• SOURCE RECORDS:
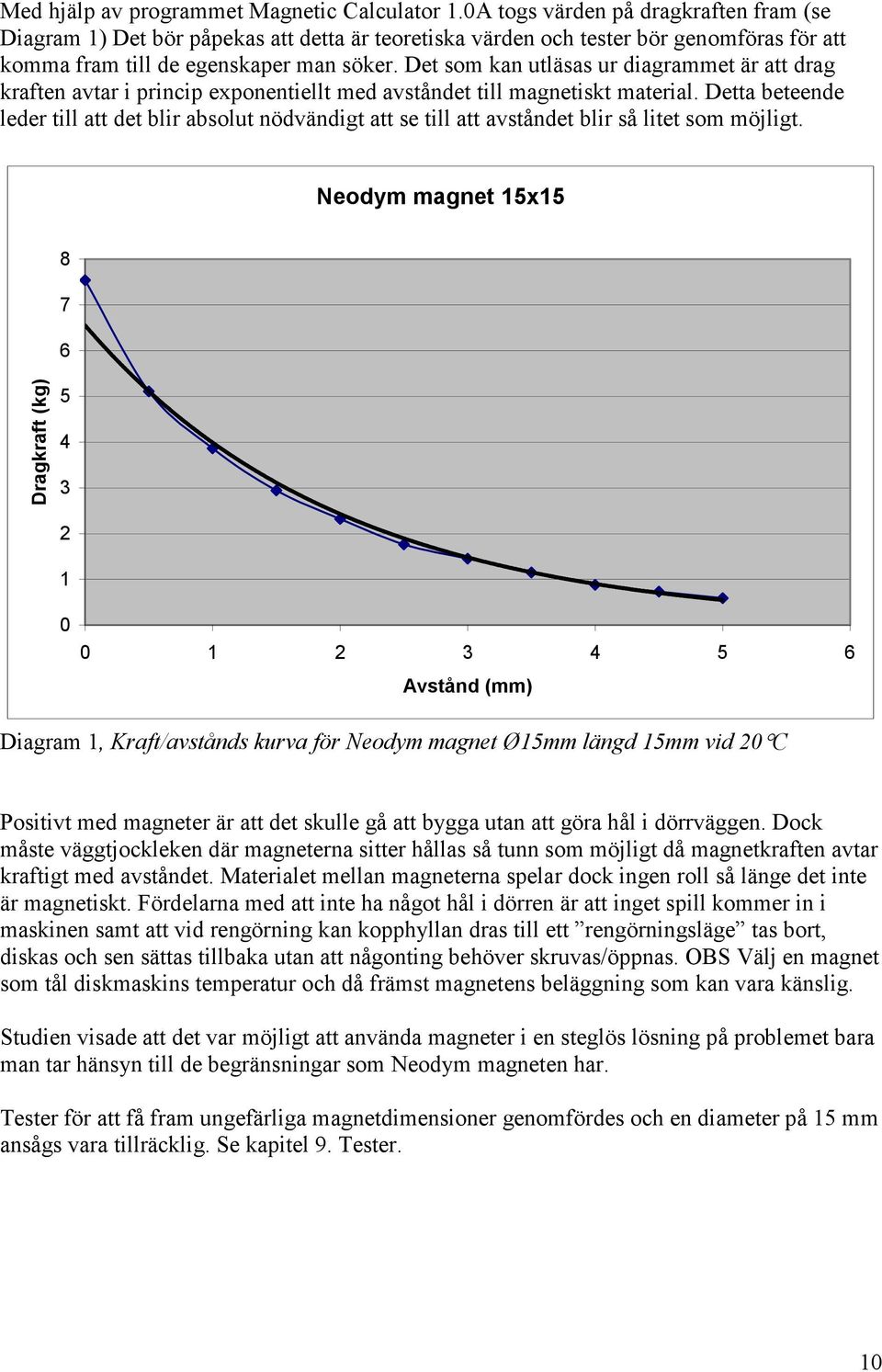Det som kan utläsas ur diagrammet är att drag kraften avtar i princip exponentiellt med avståndet till magnetiskt material.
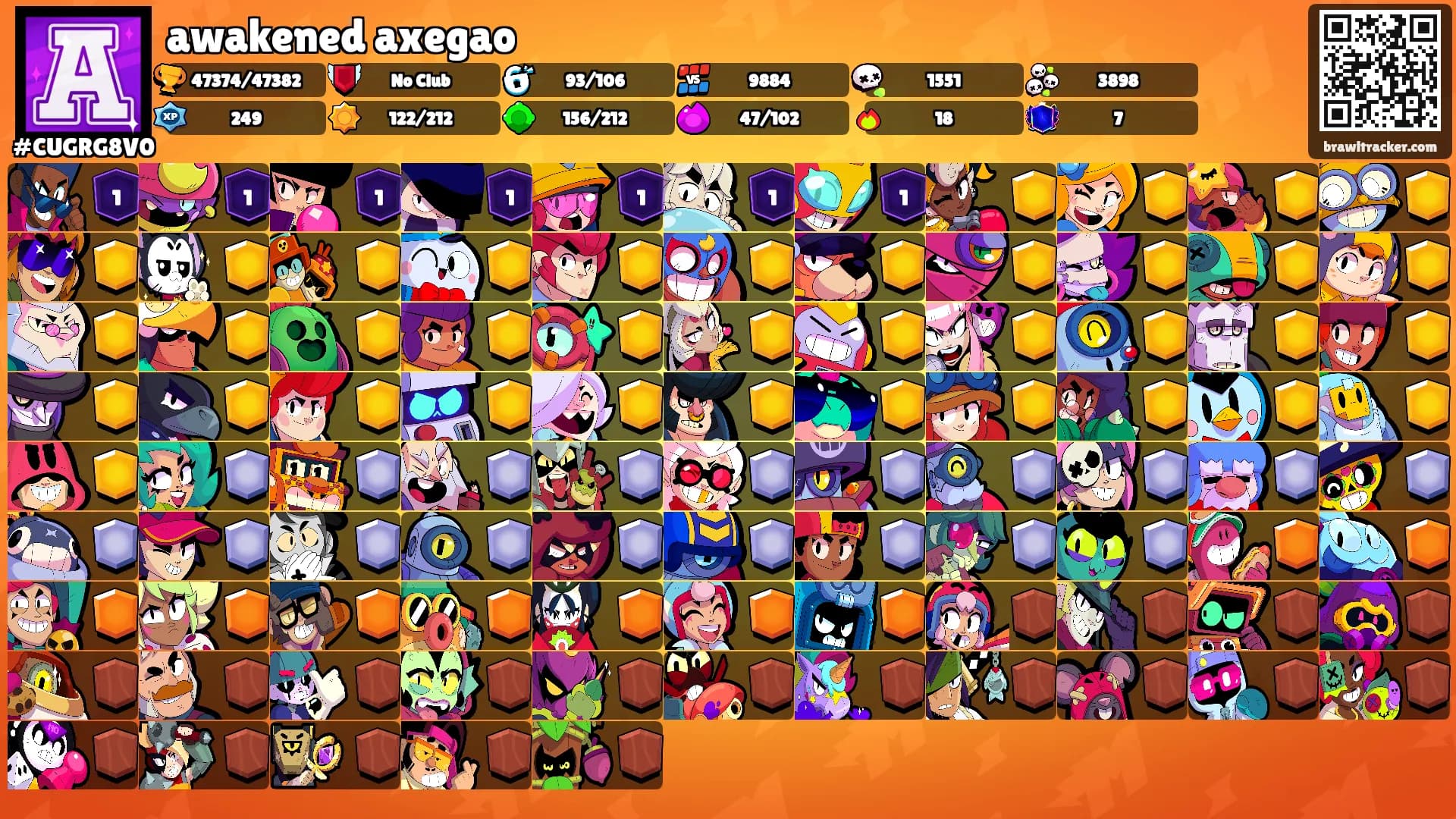 awakened axegao's Ranks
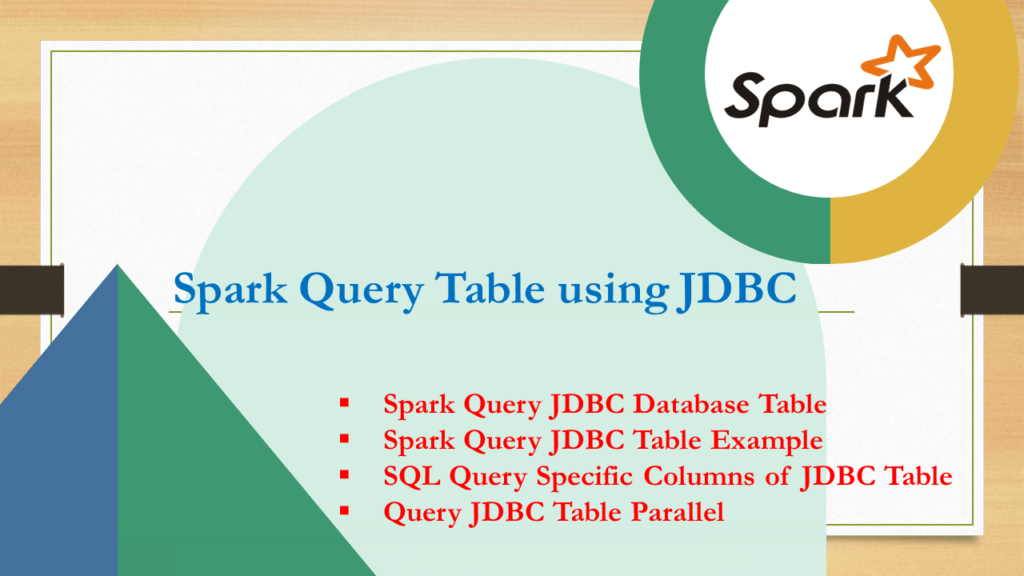 Spark Query Table using JDBC Spark By {Examples}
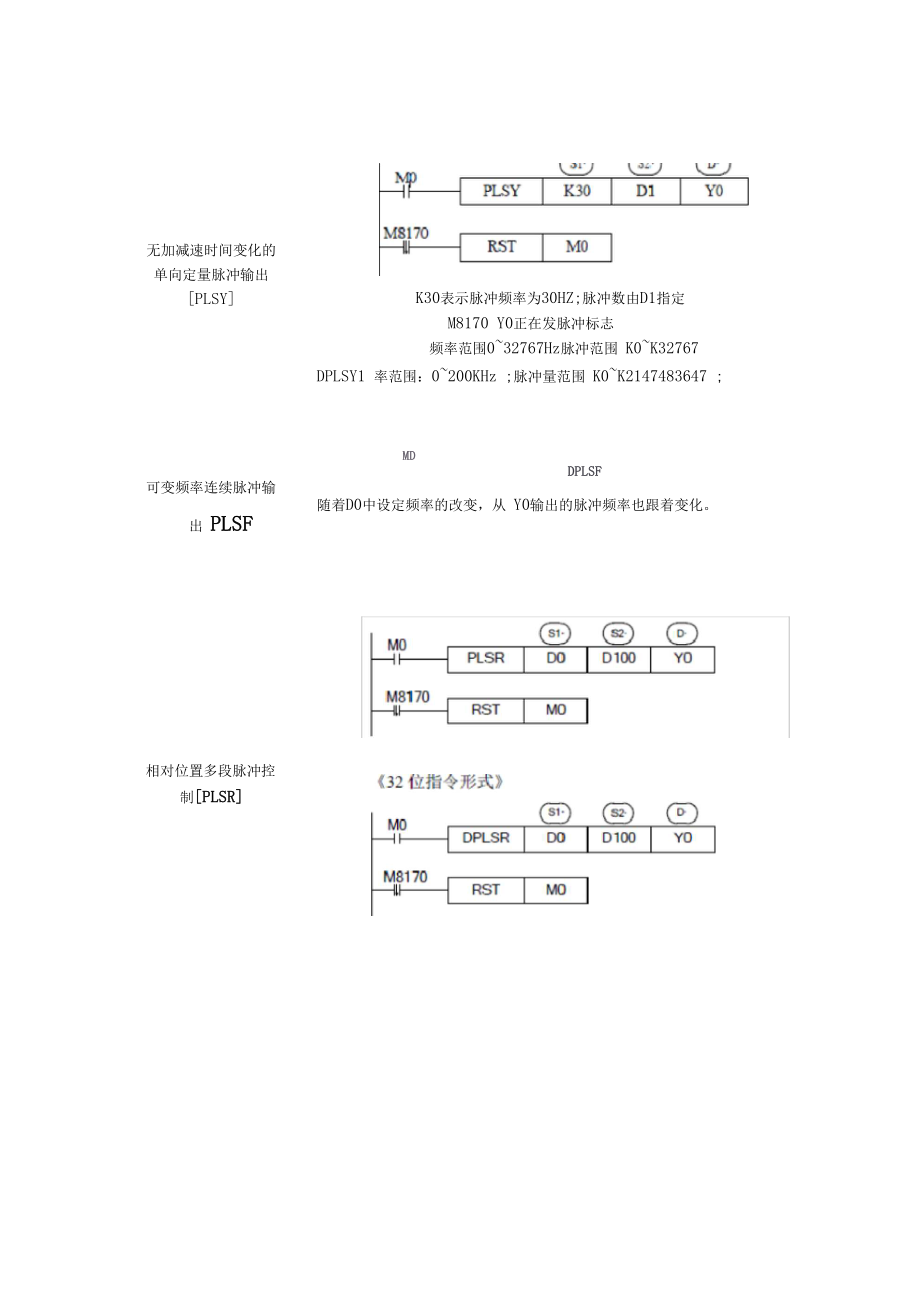 信捷脉冲指令.doc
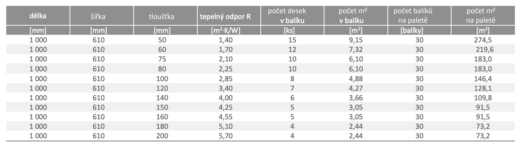 Rockwool Superrock 1000 x 625 mm - 1 bal - Obrázek 2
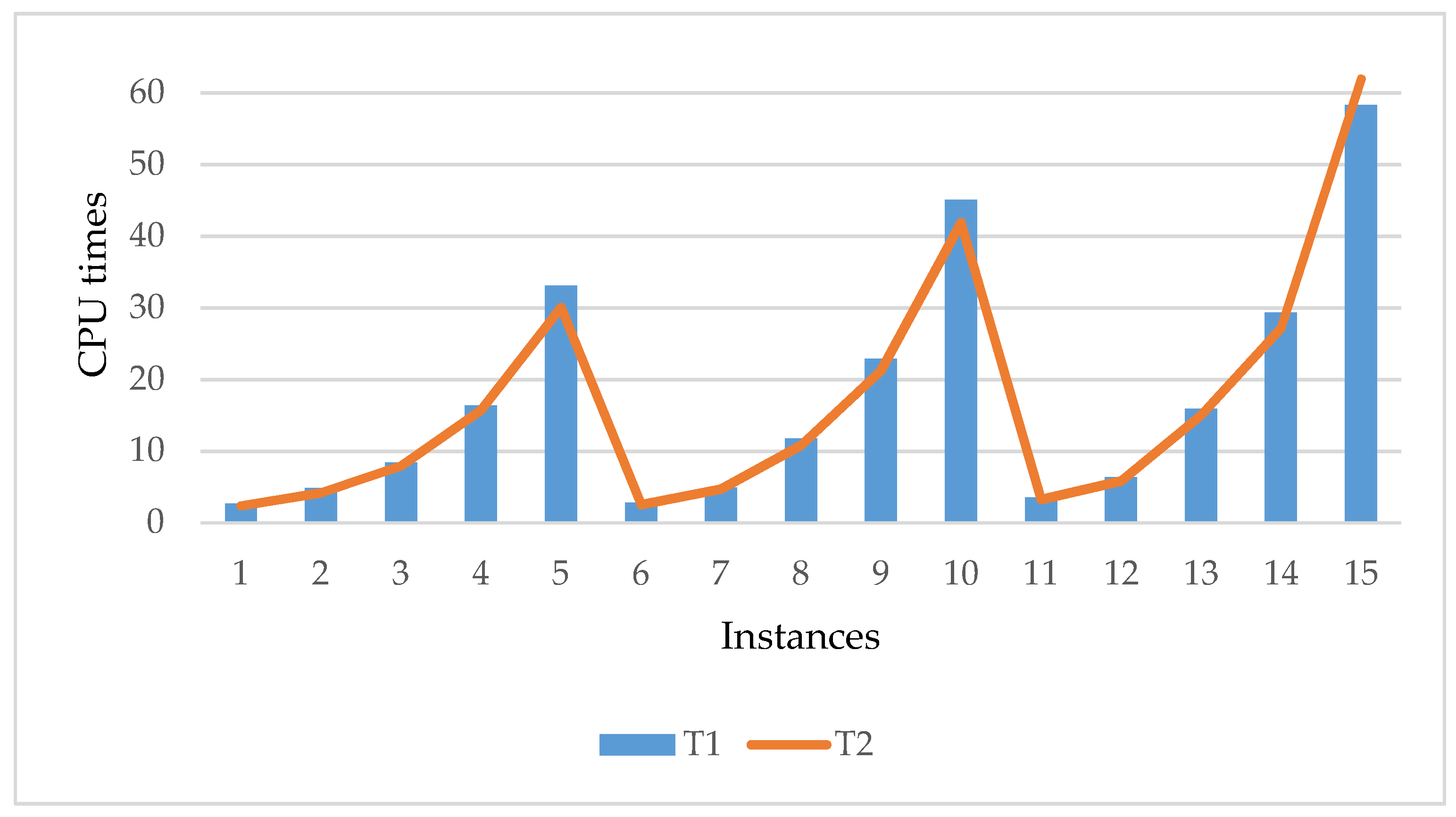Sustainability 12 05576 g004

• AIM OF THE TASK: Make a word-for-word repeat of the material, skipping all pictures.

• RESPONSE BOX:
Det som kan utläsas ur diagrammet är att drag kraften avtar i princip exponentiellt med avståndet till magnetiskt material.
 awakened axegao's Ranks
 Spark Query Table using JDBC Spark By {Examples}
 信捷脉冲指令.doc
 Rockwool Superrock 1000 x 625 mm - 1 bal - Obrázek 2
Sustainability 12 05576 g004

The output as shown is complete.